Who can say no to a comic starring an 80-year-old robot fighting a group of theoretical giant atomic ants? Not me for sure. I’ve been looking forward to this series for a while, as I’m a huge fan of Brian Clevinger‘s web comic 8-bit Theater, but I was a little let down by the first issue, reviewed here. There were a few pacing issues and the humor wasn’t what I was hoping for, but I chalked it up to the two being new to the whole monthly comic game. I have to say that this is a vast improvement over the first issue, and fills me with hope that future issues will further improve the creator’s abilities.

This issue plays a bit with timeline jumping, as the story goes from main character Atomic Robo fighting giant ants in modern day Reno, and fighting with the Flying Tigers in World War II. The fight with the ants is great, as Robo is forced to use whatever tools necessary to fight them from guns to cars to street signs. The flying sequence is also well done and exciting with some well drawn aerial acrobatics.

The fight with the ants is really the main story as it shows off Robo’s interaction with the rest of the people he works with. The dialog in this section is pretty great, as the scientists argue over whether giant ants are even possible. The humor works much better in this issue but there is also some sentimentality in the issue as the WWII section shows what it’s like to be outlive everyone you’ve known. This issue demonstrates that Clevinger is learning how to change up the pacing of the dialog to make the humor funnier and the quiet scenes more dramatic.

The art in this book is really a highlight though. Scott Wegener‘s work reminds me a lot of Mike Avon Oeming’s, but the colors are bright and really help to set the mood of the story. His characters show a lot of emotion and he even manages to show how Robo is feeling, which is pretty tough when you think about it. The pacing of the panels takes a good step forward, as the action scenes are easier to follow and there are no unnecessary panels that break up the flow.
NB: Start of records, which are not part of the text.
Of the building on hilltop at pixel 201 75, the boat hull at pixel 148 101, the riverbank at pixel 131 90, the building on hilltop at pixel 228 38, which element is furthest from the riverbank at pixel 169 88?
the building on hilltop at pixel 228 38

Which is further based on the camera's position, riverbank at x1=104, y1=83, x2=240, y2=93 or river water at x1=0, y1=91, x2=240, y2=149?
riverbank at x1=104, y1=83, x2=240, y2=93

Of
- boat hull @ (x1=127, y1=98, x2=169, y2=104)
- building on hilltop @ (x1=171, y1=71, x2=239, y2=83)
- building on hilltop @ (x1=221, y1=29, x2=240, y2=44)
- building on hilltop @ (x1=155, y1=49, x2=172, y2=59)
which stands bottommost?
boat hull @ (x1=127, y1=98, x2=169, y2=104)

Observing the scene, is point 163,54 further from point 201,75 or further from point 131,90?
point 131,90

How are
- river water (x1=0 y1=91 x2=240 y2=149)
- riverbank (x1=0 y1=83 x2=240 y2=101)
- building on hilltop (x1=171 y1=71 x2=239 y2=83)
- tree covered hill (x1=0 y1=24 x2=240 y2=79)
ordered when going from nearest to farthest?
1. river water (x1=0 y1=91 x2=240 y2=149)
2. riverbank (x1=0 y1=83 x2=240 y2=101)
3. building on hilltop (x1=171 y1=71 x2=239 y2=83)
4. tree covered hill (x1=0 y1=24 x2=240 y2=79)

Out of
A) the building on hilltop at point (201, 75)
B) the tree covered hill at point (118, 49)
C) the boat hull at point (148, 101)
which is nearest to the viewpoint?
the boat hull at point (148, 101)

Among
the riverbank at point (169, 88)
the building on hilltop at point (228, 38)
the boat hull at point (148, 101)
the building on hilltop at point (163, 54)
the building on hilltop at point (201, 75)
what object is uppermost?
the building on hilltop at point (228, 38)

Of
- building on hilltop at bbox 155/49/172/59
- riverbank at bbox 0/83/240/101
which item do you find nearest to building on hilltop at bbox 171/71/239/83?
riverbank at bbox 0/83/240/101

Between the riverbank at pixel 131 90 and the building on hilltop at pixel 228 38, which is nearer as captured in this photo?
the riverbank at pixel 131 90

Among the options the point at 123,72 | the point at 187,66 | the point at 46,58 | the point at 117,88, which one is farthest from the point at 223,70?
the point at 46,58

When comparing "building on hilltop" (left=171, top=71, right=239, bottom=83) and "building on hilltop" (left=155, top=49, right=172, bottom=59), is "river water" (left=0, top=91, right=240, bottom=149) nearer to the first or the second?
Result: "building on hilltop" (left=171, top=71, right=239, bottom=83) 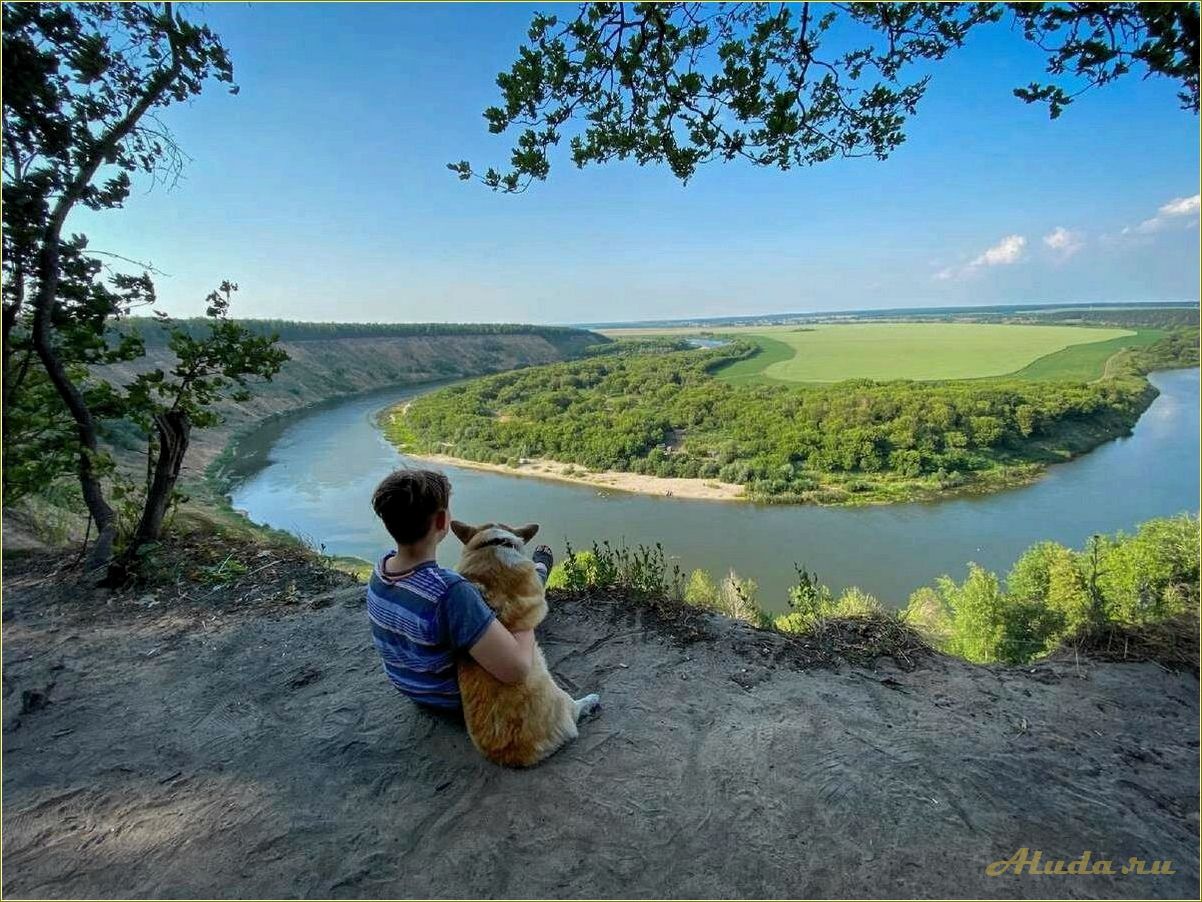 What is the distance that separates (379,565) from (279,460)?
44.6 m

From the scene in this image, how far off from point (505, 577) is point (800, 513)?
36.7 meters

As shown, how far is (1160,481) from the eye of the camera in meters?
33.2

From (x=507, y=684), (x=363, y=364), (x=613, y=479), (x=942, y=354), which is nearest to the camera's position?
(x=507, y=684)

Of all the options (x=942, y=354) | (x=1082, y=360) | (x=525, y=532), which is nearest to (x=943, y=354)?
(x=942, y=354)

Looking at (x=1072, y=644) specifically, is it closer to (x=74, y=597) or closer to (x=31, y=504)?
(x=74, y=597)

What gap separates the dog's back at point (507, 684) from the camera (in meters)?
2.19

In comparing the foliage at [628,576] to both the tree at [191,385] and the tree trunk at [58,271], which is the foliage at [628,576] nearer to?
the tree at [191,385]

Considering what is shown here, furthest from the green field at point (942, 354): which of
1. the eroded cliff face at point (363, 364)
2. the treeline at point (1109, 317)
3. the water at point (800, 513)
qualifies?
the eroded cliff face at point (363, 364)

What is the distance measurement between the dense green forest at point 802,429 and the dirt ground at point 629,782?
36.8 metres

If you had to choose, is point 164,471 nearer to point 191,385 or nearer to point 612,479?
point 191,385

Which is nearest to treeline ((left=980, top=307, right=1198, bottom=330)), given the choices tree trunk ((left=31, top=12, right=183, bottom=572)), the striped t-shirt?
the striped t-shirt

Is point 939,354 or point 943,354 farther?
point 939,354

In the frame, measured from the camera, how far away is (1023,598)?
14.4m

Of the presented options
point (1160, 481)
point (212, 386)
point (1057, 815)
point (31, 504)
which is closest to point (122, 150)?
point (212, 386)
This was the kind of story I was hoping for when I heard the premise of the series. Fun action in a crazy world that could just about be our own, isn’t that what we all want from comics? If they can keep up this kind of quality and even improve further, this title will be something special. I’m now eagerly awaiting the release of issue 3. Fortunately, I can get a nice Clevinger fill three times a week, so that should tide me over.